Writing and not writing


I like to imagine that teaching creative writing doesn't replace the writing itself, but stokes it somehow. I come up with new hobbyhorses to ride, and begin to wonder 'do my students really need to hear so much of this, or am I trying to tell myself something?'
My latest, as I teach life-writing, ('Bring in the senses, bring in movement, this is life writing so make it live!') is to set your subject within his / her environment. This is clearly a residue from my own last biography of J. S. Haldane, whose guiding spirit in life was that nothing can be seen as separate from its environment. For me the environment in biography includes culture and place, and also all the other lives with which the one of your subject intertwines.
As I teach texts of late I find some anger me ... probably out of my frustration that I'm not getting enough writing time myself. What was Anne Stevenson doing in taking on Sylvia Plath as a subject? She kept slashing at Plath with the words 'spite' and 'witch', the book Bitter Fame only raging into life with its direct quotations from later Plath that showed Stevenson harumphing at nothing in comparison. (She clearly agrees and has returned since to the wellspring of her own creativity, in poetry and landscape.) And I found Blake Morrison's As If about the James Bulger child murder case insufferably middle-class and therefore adrift from many quivers of life, with literary allusions on almost every page trimming his audience to those who share his education, his quick depictions of the 'working-class' parents shallow and damning.
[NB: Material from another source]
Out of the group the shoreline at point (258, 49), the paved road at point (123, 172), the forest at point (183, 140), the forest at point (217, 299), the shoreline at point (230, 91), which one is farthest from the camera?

His journey is inward, life like books reflecting the inner Morrison. He needs another subject. (Many of my students loved the book so this is quite likely my hang-up ... they didn't get the literary allusions but weren't put off by them, and felt it was grand for a middle-class guy to be writing for a middle-class audience.)It reminds me why my preference keeps shifting to American literature, shaking loose the shackles of the Great Tradition to follow Ezra Pound's 'Make it New!'
Oh well, get over it Martin. You need to write more. I'm off to run a PhD supervision in the British Library cafe today, having a separate lunch there with a writer pal beforehand, taking the rest of my time to fossick around my latest biographical subject (of which more anon) ... Daffodils sprout, and I begin to sniff the air of a writing summer which should set me to rights once again.
(It's really best not to criticize other writers while not writing yourself, for you project your own grievances. Writing, while a strain, is a balm and a cure. V.S.Pritchett did trot up his staircase every day of the week for his writing stint and so never needed to vent his writing spleen on others who had bothered to hack it. He refused to review any book about which he could find nothing good to say. Hooray for him!)